Du suicide d'un capitaine de navire - responsabilité pénale de l'armement

23/02/2023

La chambre criminelle de la Cour de cassation a retenu la responsabilité pénale pour homicide involontaire de l'armement, le 31 janvier 2023, à la suite du suicide d'un capitaine de navire.

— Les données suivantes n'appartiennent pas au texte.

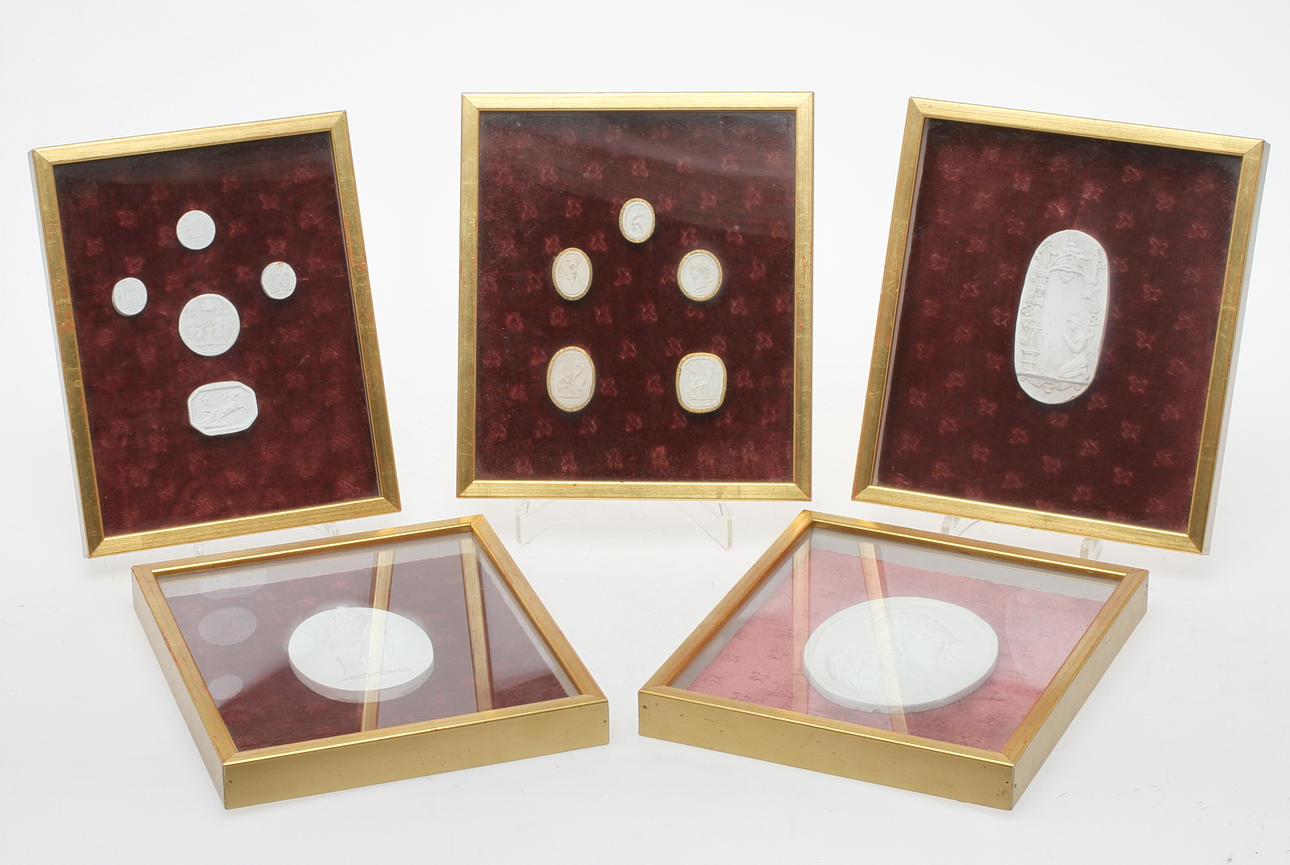 SIGILL/PLAKETTER, gips, monterade i ramar.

Le commandant Philippe Deruy, âgé de 47 ans, commandait le porte-conteneurs Lapérouse de la CMA-CGM, lorsque celui-ci est entré en collision avec un caboteur fluvio-maritime, le Thèbe, le 23 décembre 2010, au large des Pays-Bas, dans le DST Off Vlieland en Mer du Nord. Le porte-conteneurs a appareillé du Havre pour Hambourg ; en fin d’après-midi, il rattrape deux navires, dont le Thebe, caboteur fluvio-maritime qui fait route, sur ballast, de Terneuzen vers Hambourg. Au cours de sa manœuvre de dépassement, le Lapérouse aborde l’arrière bâbord du THEBE avec son bulbe puis, plus sur l’avant, avec son arrière tribord. Il n’y a ni blessés ni pollution. Les deux navires ont des avaries de coque, mais demeurent manœuvrants. Le Thebe rejoint le port de Den Helder et le Lapérouse continue sa route vers Hambourg, avec l’accord du MRCC de Den Helder. Le commandant a fait toute sa carrière à la CMA-CGM ; il commande depuis 2004. Durant 4 mois en 2010, il a assuré des sessions de formation aux capitaines de la compagnie sur simulateur de navigation. Il a embarqué au Havre le 21 décembre 2010. Il n’a jamais navigué auparavant avec le 3ème lieutenant, âgé de 29 ans, titulaire du DESMM depuis juillet 2010, de quart au moment de la collision. Le système d’alarme d’homme mort était en service, alors que cette organisation, en période d’obscurité, est contraire aux dispositions de la Convention SOLAS, selon le rapport d’enquête du BEA Mer. Jusqu’à 18h, le commandant est plusieurs fois monté à la passerelle et a considéré que la situation était maîtrisée par l’officiers de quart. A 18h18, le lieutenant décide de venir à gauche, afin de laisser le Thèbe clair sur son tribord. Le gyro-pilote semble réagir lentement ; le lieutenant agit sur la barre manuelle pour évoluer plus rapidement ; à 18h22 l’avant du Lapérouse heurte l’arrière du Thebe ; l’arrière du Lapérouse viendra à nouveau heurter le Thebe. A 18h24, le commandant, appelé par le stagiaire à la demande du lieutenant, arrive immédiatement en passerelle. Informé de la situation par le lieutenant et du doute sur la collision, il réduit l’allure, puis stoppe à quelque distance du THEBE. Il appelle le Designated Person Ashore (DPA) du navire qui déclenche une cellule de crise au siège de la compagnie (v. Cdt B. Apperry, « Code ISM : Personne désignée, un sacré job », AFCAN, 2007, https://afcan.org/dossiers_reglementation/ism_p15_fr.html).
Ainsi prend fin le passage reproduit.